In Their Place
After 400 years of abuse, African-Americans continue to struggle with an inequitable America. If we're serious about leaving no child behind, we should start by offering black families a fair shot in life.“So the question for white Americans is essentially moral: Is it right to impose on members of an entire race a lesser start in life, and then expect from them a degree of resolution that has never been demanded from your own race?”

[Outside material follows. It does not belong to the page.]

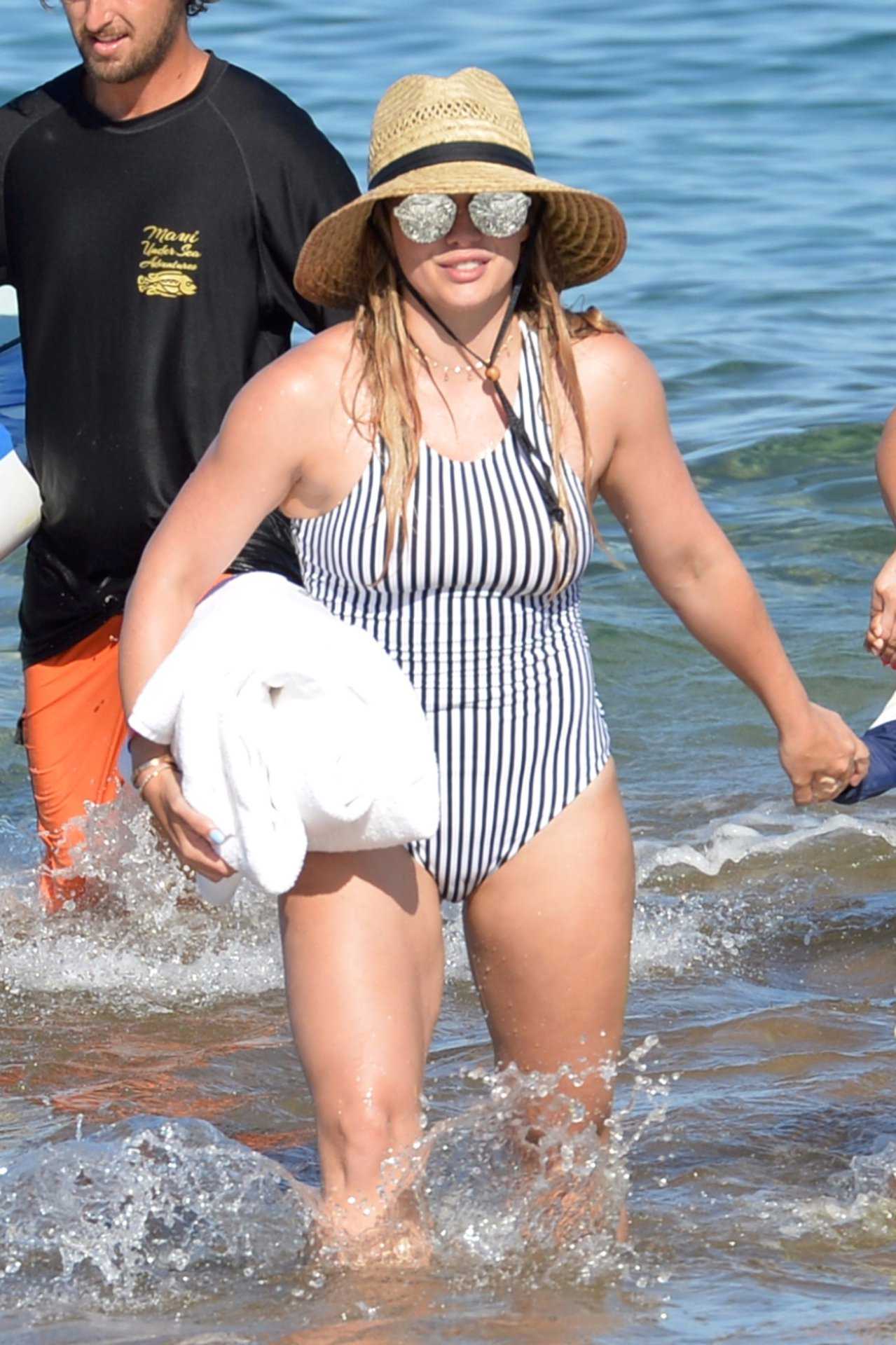 Hilary-Duff-Booty-in-Swimsuit-66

I find this question, raised by Andrew Hacker in his book “Two Nations: Black and White, Separate, Hostile, Unequal,” haunting and disturbing. Often I wonder why the question does not shame all white Americans into greater resolve to correct what is now four centuries of disgraceful treatment of an entire people — treatment based solely on skin color. Day after day we read in newspapers and journals about the unequal treatment of black America. In fact, I believe we are so used to the accounts that they wash off us just as rain washes off windows.

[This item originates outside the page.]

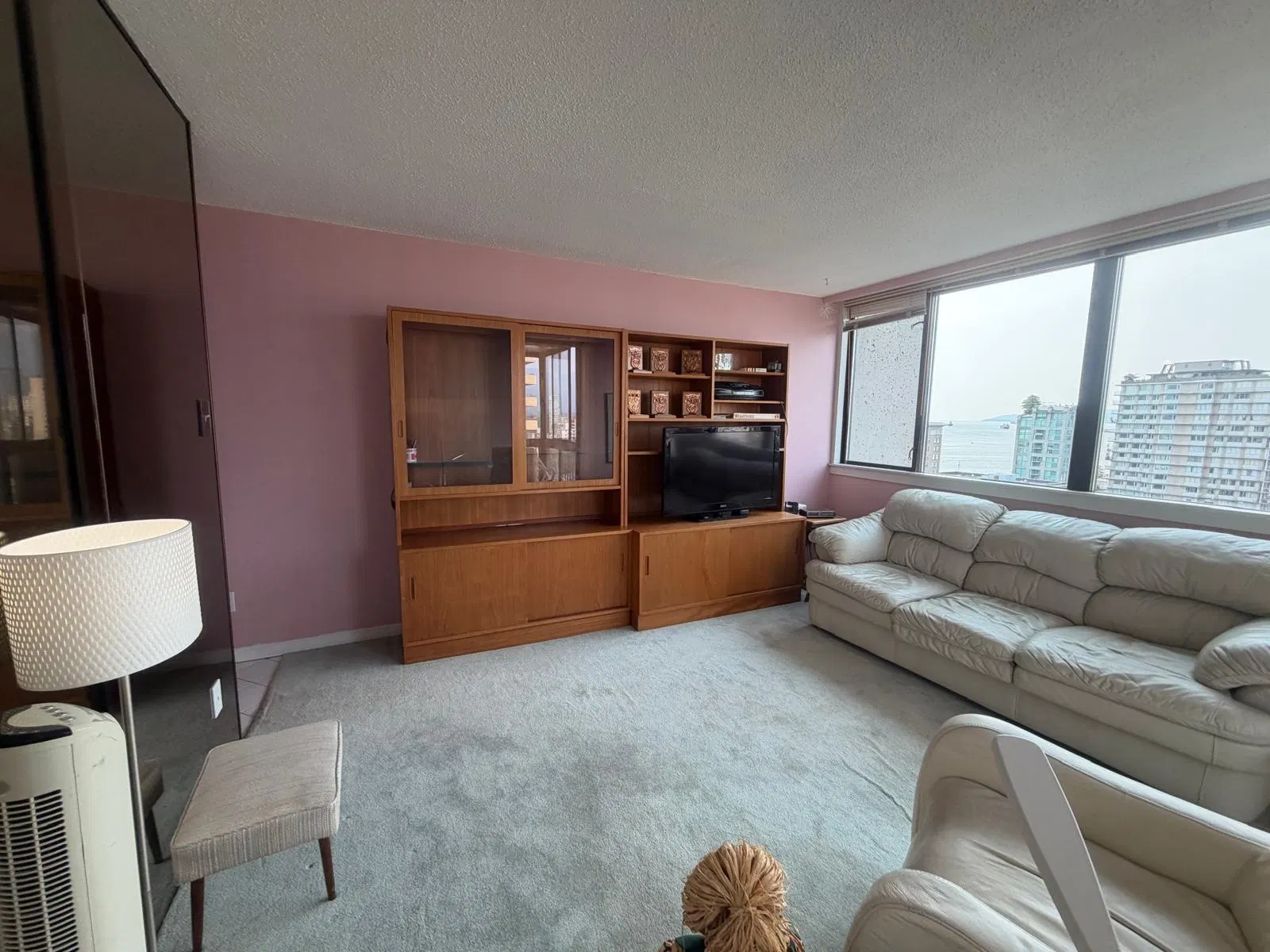 Photo 4 of 25 at #1803 – 1740 Comox Street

As the Hacker quote reminds us, the power structure of America sets up the playing field extraordinarily uneven, rigs the game, imposes penalties and punishments upon certain players, and then blames and holds them accountable for the results. It has been going on in this country since the first slave ship arrived off our shores in 1619, and it has continued generation after generation, century after century, decade after decade to this very day.

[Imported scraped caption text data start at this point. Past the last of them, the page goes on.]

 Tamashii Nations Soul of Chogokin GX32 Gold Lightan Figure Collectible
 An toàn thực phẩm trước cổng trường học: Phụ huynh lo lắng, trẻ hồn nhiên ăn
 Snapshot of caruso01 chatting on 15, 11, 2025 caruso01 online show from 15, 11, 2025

The inequities imposed upon African-Americans by the white powers that be are now so legion that it is easy, for some — perhaps for many — to become oblivious to their deleterious effects in society and their cruel impacts upon individual lives. To illustrate, I started cutting out random articles and statistics recently from newspapers and journals. Here are but a few:
For one, let’s consider our notorious prison system. Two recent books received an excellent review, “The American Prison Nightmare,” in the April 12 issue of The New York Review of Books. The author, Jason DeParle, not only shows how prisoners’ lives are damaged or ruined by prison itself but how the families, children and communities of the incarcerated men also are destroyed. “Black men in their early thirties,” DeParle writes, “are imprisoned at seven times the rate of whites in the same age group … by the time they reach their mid-thirties, a full 60 percent of black high school dropouts are now prisoners or ex-cons.”
Bruce Western, the writer of “Punishment and Inequality in America,” one of the books reviewed by DeParle, argues that prison is not just a byproduct of poverty; through mass incarceration, he says, “the poor are made poorer and have fewer prospects.”
Black men are incarcerated unequally — that is, at a far higher rate than whites for the same crimes, and then black America is criticized (often subtly and obliquely) for its lack of intact families. Black children growing up without fathers, without two breadwinners in the family, without models of high school or college graduates, are then expected to do as well as their white, Asian or even Hispanic counterparts. It simply isn’t fair.
To quote from DeParle again: “From 1980 to 2000, the number of children with fathers behind bars rose sixfold to 2.1 million. Among white kids, just over 1 percent has incarcerated fathers, while among black children the figure approaches 10 percent.”
Here are a few more recent newspaper clips:
From The New York Times (Bob Herbert), March 15, 2007: “For black males who left high school without a diploma, the real jobless rate at various times over the past few years has ranged from 59 percent to a breathtaking 72 percent.” Of course, the disastrous impact of this upon families and children, schools and neighborhoods is equally breathtaking.
And in Education Week (Feb. 14, 2007) a report from the University of Chicago states, “More than half, or 54 percent, of African-Americans ages 15-25 believe they received a poorer education than their white counterparts.” Having been directly involved in predominantly white public and private schools and predominantly black public schools, I can verify that this belief is true.
And the beat goes on: poorer education with consequent higher dropouts, fewer job opportunities, disproportionate incarceration rates, poorer healthcare and overall governmental neglect of inner cities. As Michael Thomas shows us in his first novel, “Man Gone Down,” things are set up to keep the “Other” poor in their place. It’s about time to address this issue head-on — with compassion and real action. I believe it is long overdue to launch a Marshall Plan for Black America.